这牢房里阴冷潮湿,地上污秽与虫鼠尸体遍布,而且并无任何床椅,只有一堆干草堆在了角落里。
而仇不疑此时正被一根麻绳束了双手吊着。
这绳子从屋顶垂下,它的长度正好够仇不疑踮着脚才能碰到地面。
于是她就这么被迫勉力踮着脚,被吊在牢房中央。
在这种情况下,就连站直身子,都是非常费力气,更不用说睡觉了。很显然,这也是诏狱熬鹰的一种伎俩。
听到了牢房外有动静,仇不疑无力抬起了头,瞬间她就看到了魏昭。
她疲惫的双眼顿时振奋了许多:“昭姐姐……”
见到仇不疑被人折腾成这副摸样,魏昭顿时心痛如绞。她走上前去,指着牢门道:“把门打开。”
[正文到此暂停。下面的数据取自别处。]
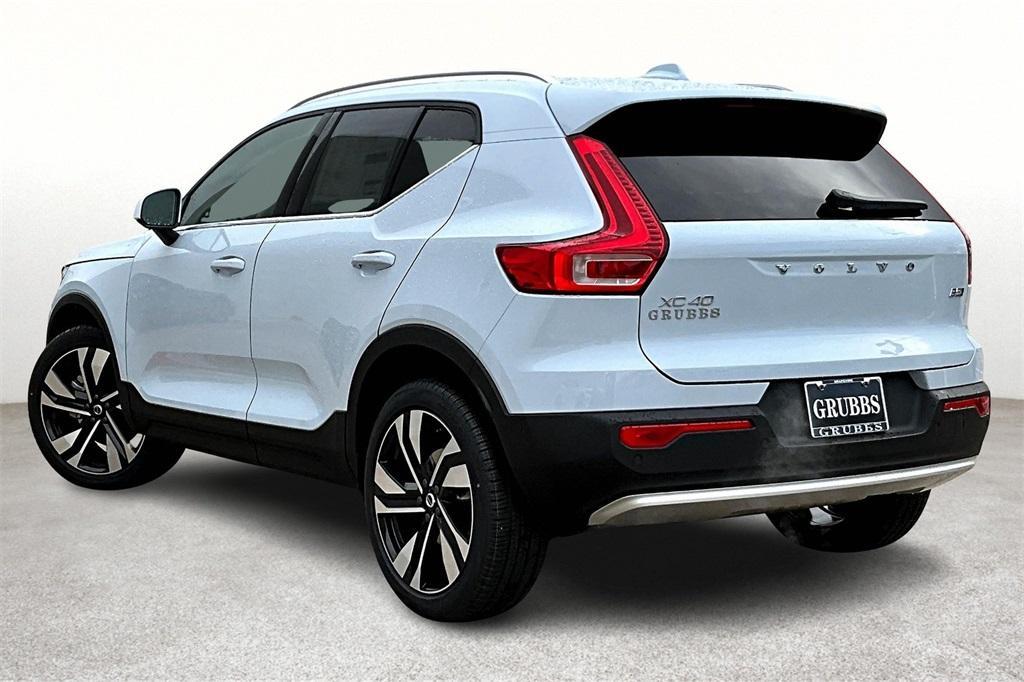 new 2025 Volvo XC40 car, priced at $51,000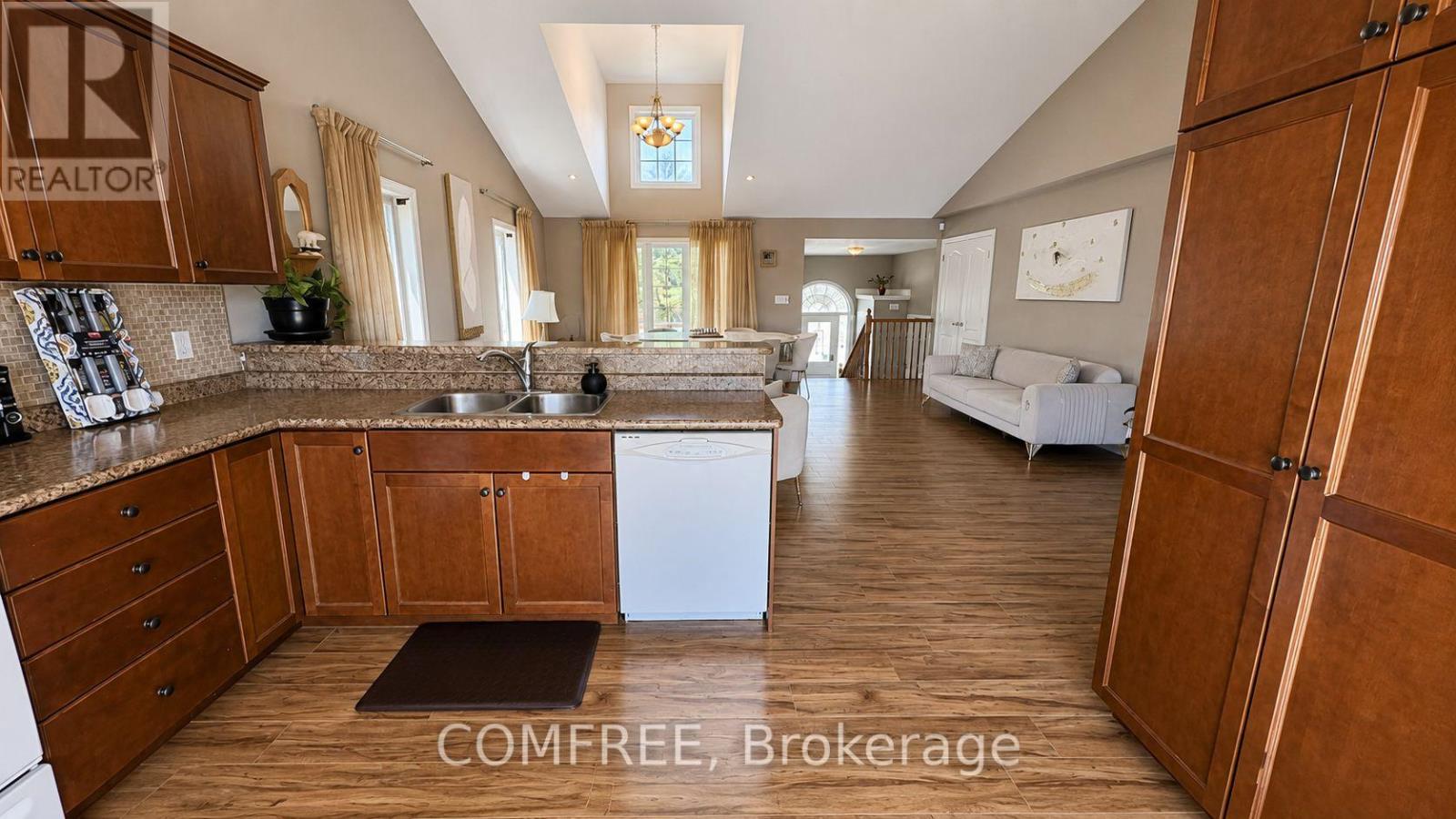 279 South Street E, West Grey, Ontario  N0G 1R0 - Photo 7 - X13599814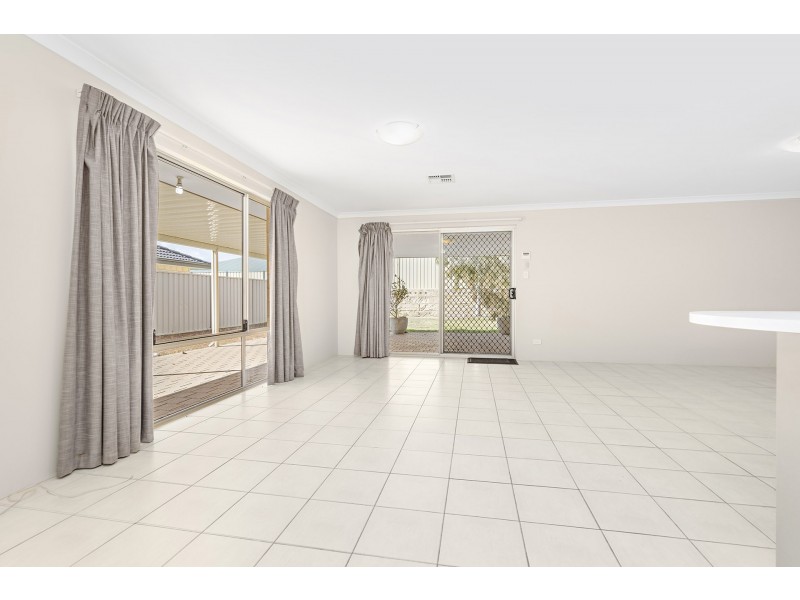 5 Flavio Crescent, Wandina WA 6530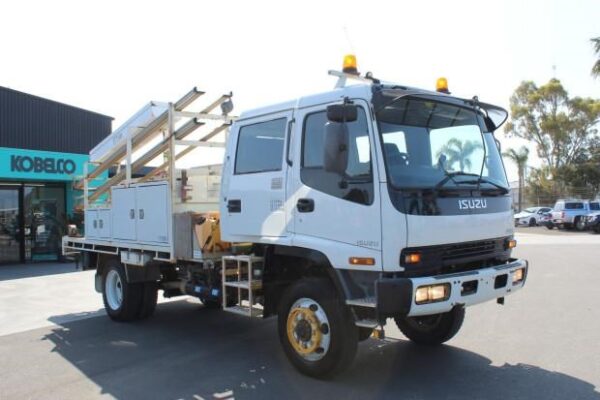 2006 ISUZU FSS550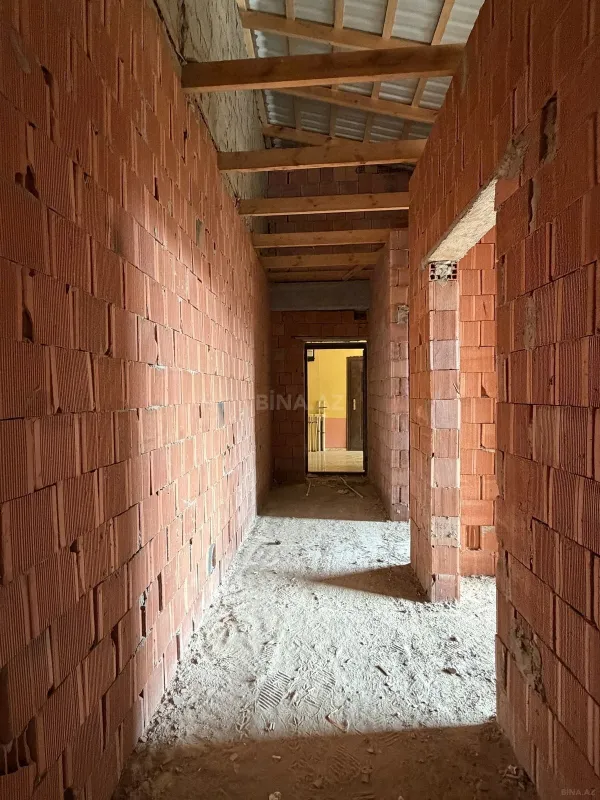 Satılır 2 otaqlı mənzil 72 m²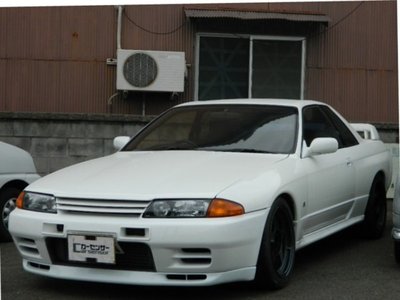 NISSAN SKYLINE GT-R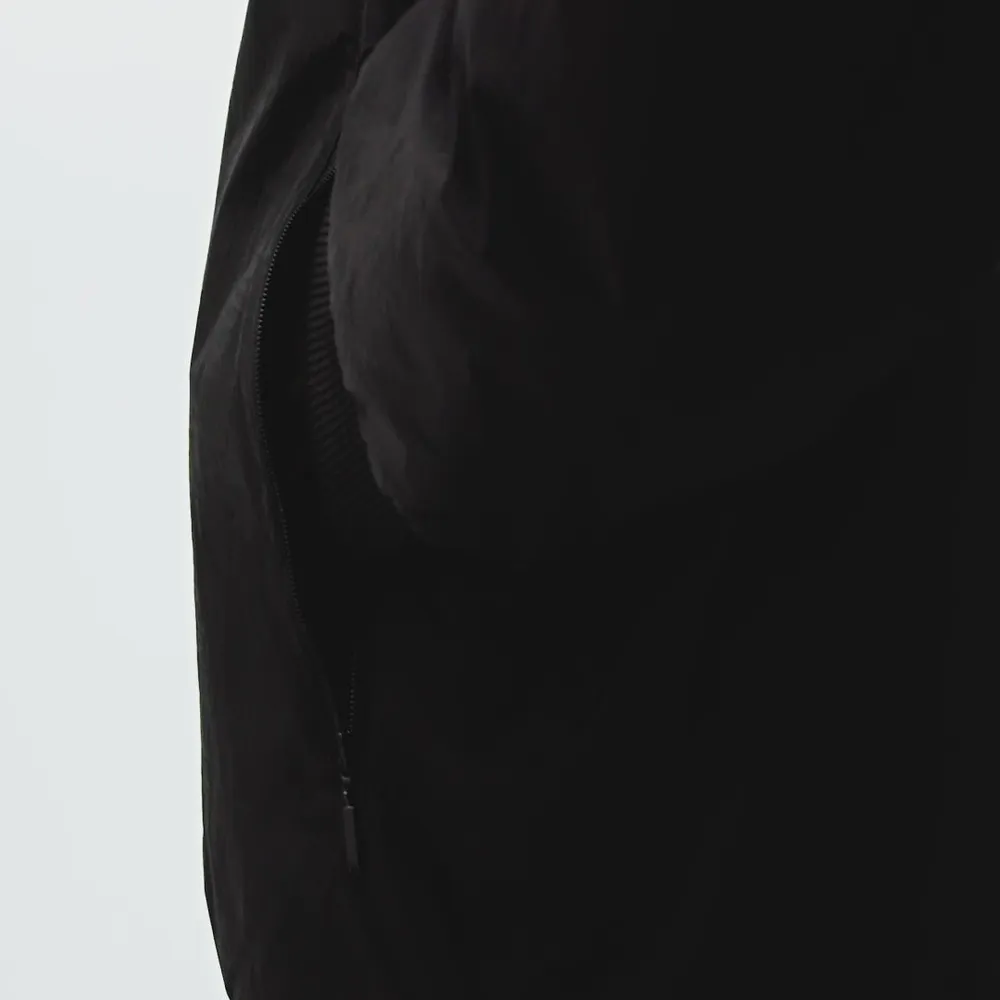 000000_adidas-Oversized-Bomber-Jacket_BLACK_JC7546_img1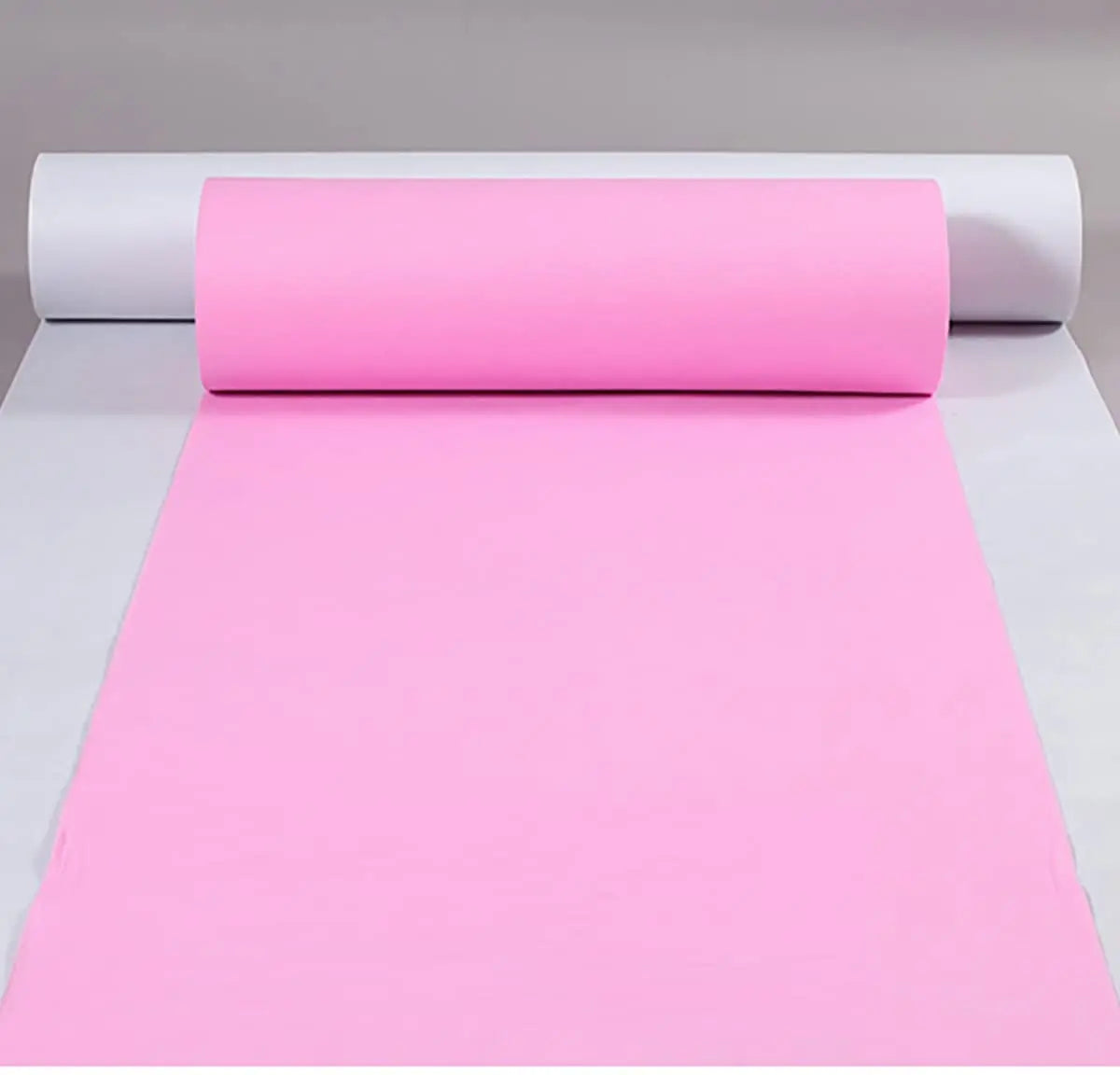 tapis sol rose clair moderne sans fixation longueur variable événementiel uni sans broderie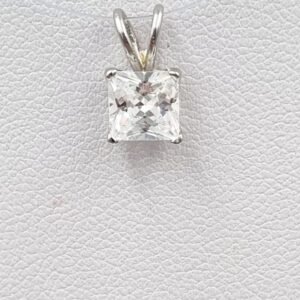 Sidabrinis pakabukas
那小吏原本还一副看好戏的样子,此时听魏昭这话,脸色也瞬间严肃了起来:
“小姐莫开玩笑,这诏狱重犯,让你见她一面已是给了提举大人面子。你还要开门,莫不是太不把这里当回事了?”
魏昭冷笑:“当回事?你们擅自拿人扣人,我都未找你们算账,是我给你们面子,你还反倒说起我来了?”
那小吏听到魏昭这话,也并未感到诧异。能来此处的人,哪个没有一点关系?哪一个口气不大?到最后还不是灰溜溜地走人了?
可大小姐不懂规矩,下面办事的总不能不明事理吧?
故此那小吏不去看魏昭,反而对着云舒道:“那这位亲事,您给说说这门能不能开?”
云舒望了望魏昭。
魏昭也执拗望着她。
心知自己拗不过,云舒只能无奈地叹了口气:“全凭我家小姐做主,你将门打开。”
那小吏听云舒这么说,登时不干了:“莫要荒唐,你家一个亲事不好好管教你家小姐,反而让她在这里胡言乱语。若是开了门,跑了犯人,谁来负责?”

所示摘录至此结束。